== About this exercise ==
For this exercise, reproduce the entries below exactly, but only from the line containing "Cloud-Light Cupcakes 4" through the line containing "Teal Kite Sapphire", both included.

══ Input for this task ══

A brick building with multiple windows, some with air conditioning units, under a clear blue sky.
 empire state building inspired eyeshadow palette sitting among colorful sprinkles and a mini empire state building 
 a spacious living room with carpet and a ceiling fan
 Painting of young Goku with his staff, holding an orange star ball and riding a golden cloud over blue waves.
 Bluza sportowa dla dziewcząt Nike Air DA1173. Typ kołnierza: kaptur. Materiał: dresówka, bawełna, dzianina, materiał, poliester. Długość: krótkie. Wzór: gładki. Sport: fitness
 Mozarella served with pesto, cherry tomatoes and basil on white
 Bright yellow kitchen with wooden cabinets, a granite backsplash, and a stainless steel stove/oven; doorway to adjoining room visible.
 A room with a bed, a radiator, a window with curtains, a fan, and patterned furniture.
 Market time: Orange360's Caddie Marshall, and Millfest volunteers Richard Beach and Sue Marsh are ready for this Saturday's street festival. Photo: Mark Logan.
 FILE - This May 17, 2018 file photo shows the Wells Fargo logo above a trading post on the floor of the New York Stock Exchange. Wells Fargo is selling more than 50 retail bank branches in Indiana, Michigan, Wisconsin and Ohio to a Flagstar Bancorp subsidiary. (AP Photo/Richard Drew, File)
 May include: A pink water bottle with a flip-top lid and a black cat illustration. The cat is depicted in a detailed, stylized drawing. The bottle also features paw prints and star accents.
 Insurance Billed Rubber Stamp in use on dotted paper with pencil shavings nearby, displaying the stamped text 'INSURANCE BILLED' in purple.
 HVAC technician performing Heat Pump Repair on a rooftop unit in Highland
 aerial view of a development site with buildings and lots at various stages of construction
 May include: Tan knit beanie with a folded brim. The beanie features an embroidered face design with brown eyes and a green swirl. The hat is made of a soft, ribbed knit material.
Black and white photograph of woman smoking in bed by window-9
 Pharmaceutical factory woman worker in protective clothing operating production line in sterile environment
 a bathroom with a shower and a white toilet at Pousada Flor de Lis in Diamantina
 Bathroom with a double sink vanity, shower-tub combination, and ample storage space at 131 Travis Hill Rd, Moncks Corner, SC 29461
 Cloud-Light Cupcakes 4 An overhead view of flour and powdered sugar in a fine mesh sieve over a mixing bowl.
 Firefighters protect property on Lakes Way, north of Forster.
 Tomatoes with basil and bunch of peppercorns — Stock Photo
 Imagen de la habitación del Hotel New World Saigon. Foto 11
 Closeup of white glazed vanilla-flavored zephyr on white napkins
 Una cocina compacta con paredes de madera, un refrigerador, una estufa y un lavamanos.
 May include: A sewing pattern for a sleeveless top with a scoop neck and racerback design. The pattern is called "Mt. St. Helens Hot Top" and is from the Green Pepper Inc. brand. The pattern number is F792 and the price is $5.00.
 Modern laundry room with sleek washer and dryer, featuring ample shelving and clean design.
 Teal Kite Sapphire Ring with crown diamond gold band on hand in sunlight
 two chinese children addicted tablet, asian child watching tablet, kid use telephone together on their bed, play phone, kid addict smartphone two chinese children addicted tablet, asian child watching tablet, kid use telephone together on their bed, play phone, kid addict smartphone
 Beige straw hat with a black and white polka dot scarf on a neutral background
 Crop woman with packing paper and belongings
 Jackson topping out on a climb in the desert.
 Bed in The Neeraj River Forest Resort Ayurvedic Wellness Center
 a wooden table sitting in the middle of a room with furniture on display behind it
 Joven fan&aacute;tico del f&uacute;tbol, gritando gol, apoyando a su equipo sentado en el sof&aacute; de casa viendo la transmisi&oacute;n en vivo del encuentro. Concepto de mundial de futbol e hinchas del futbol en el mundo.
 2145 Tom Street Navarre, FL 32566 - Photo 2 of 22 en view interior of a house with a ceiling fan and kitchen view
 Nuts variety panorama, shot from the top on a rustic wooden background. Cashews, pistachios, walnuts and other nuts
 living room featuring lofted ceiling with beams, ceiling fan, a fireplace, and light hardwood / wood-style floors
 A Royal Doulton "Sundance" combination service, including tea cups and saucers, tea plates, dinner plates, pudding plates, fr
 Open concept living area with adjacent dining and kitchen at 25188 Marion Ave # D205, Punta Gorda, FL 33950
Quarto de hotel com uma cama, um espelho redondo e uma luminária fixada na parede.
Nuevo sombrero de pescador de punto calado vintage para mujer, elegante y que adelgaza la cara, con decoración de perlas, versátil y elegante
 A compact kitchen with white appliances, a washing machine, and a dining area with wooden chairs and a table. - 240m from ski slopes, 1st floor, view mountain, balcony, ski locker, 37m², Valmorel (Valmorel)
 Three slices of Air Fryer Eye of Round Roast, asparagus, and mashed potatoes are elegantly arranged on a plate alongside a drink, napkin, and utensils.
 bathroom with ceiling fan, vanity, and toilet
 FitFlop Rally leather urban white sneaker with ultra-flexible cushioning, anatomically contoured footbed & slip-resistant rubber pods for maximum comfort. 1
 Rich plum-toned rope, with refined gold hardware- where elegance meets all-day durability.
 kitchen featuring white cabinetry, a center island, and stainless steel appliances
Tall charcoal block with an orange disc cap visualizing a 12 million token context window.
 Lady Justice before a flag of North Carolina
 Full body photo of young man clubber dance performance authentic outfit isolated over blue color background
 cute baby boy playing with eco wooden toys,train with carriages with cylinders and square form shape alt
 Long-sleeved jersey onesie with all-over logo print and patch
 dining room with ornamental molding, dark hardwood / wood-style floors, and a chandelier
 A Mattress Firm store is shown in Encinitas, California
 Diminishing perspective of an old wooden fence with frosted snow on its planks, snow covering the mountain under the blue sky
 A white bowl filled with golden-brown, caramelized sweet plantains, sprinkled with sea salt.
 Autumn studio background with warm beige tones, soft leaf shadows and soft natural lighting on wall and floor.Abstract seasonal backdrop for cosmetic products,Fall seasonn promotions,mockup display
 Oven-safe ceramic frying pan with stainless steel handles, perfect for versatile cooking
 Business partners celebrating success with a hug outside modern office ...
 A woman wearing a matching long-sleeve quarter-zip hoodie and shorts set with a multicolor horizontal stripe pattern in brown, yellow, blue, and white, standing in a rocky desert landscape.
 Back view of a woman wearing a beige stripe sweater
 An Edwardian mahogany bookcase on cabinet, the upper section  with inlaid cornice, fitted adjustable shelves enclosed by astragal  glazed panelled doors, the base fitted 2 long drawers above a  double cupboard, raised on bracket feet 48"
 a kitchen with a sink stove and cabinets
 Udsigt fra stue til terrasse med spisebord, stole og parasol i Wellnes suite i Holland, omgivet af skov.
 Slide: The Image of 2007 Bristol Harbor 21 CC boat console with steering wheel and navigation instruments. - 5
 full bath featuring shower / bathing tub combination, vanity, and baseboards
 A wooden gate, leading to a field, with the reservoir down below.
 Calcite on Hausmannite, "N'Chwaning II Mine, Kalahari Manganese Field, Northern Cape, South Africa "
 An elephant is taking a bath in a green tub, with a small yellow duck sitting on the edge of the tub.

═══

== Task solution ==
 Cloud-Light Cupcakes 4 An overhead view of flour and powdered sugar in a fine mesh sieve over a mixing bowl.
 Firefighters protect property on Lakes Way, north of Forster.
 Tomatoes with basil and bunch of peppercorns — Stock Photo
 Imagen de la habitación del Hotel New World Saigon. Foto 11
 Closeup of white glazed vanilla-flavored zephyr on white napkins
 Una cocina compacta con paredes de madera, un refrigerador, una estufa y un lavamanos.
 May include: A sewing pattern for a sleeveless top with a scoop neck and racerback design. The pattern is called "Mt. St. Helens Hot Top" and is from the Green Pepper Inc. brand. The pattern number is F792 and the price is $5.00.
 Modern laundry room with sleek washer and dryer, featuring ample shelving and clean design.
 Teal Kite Sapphire Ring with crown diamond gold band on hand in sunlight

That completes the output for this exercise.